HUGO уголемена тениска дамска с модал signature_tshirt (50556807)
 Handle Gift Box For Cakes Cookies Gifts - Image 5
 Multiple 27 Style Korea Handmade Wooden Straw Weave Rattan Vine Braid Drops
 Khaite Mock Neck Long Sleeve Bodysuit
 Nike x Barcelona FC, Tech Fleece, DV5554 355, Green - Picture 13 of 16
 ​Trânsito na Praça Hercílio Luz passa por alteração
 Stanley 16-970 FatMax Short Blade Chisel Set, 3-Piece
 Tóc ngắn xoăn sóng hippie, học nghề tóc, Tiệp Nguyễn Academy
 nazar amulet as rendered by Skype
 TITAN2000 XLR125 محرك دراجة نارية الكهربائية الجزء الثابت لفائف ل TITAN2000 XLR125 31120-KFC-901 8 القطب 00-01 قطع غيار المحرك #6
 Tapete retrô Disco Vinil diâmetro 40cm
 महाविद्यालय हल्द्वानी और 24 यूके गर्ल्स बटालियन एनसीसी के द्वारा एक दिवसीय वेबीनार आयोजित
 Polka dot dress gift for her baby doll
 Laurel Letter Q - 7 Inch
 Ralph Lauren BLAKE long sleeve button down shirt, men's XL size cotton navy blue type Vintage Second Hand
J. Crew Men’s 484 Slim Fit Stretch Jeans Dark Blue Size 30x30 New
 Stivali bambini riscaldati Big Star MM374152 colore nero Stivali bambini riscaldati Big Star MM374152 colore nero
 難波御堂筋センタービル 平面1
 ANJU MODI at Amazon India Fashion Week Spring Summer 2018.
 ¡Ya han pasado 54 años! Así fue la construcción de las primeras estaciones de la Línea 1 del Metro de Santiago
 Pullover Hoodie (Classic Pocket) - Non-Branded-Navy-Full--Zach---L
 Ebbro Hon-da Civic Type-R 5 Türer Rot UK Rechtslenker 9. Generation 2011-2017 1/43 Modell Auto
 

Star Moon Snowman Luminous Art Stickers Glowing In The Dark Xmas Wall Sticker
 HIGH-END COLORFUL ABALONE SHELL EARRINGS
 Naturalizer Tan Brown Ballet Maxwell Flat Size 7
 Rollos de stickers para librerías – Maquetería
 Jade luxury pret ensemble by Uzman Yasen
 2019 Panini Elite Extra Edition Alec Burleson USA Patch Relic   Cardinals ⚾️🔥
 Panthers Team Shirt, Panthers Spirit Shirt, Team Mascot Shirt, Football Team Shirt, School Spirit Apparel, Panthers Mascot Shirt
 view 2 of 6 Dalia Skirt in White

Task requirements:
From the line that contains "Star Moon Snowman" down to the last line of the material above, copy every line word for word, both ends included.

Answer to the exercise:
Star Moon Snowman Luminous Art Stickers Glowing In The Dark Xmas Wall Sticker
 HIGH-END COLORFUL ABALONE SHELL EARRINGS
 Naturalizer Tan Brown Ballet Maxwell Flat Size 7
 Rollos de stickers para librerías – Maquetería
 Jade luxury pret ensemble by Uzman Yasen
 2019 Panini Elite Extra Edition Alec Burleson USA Patch Relic   Cardinals ⚾️🔥
 Panthers Team Shirt, Panthers Spirit Shirt, Team Mascot Shirt, Football Team Shirt, School Spirit Apparel, Panthers Mascot Shirt
 view 2 of 6 Dalia Skirt in White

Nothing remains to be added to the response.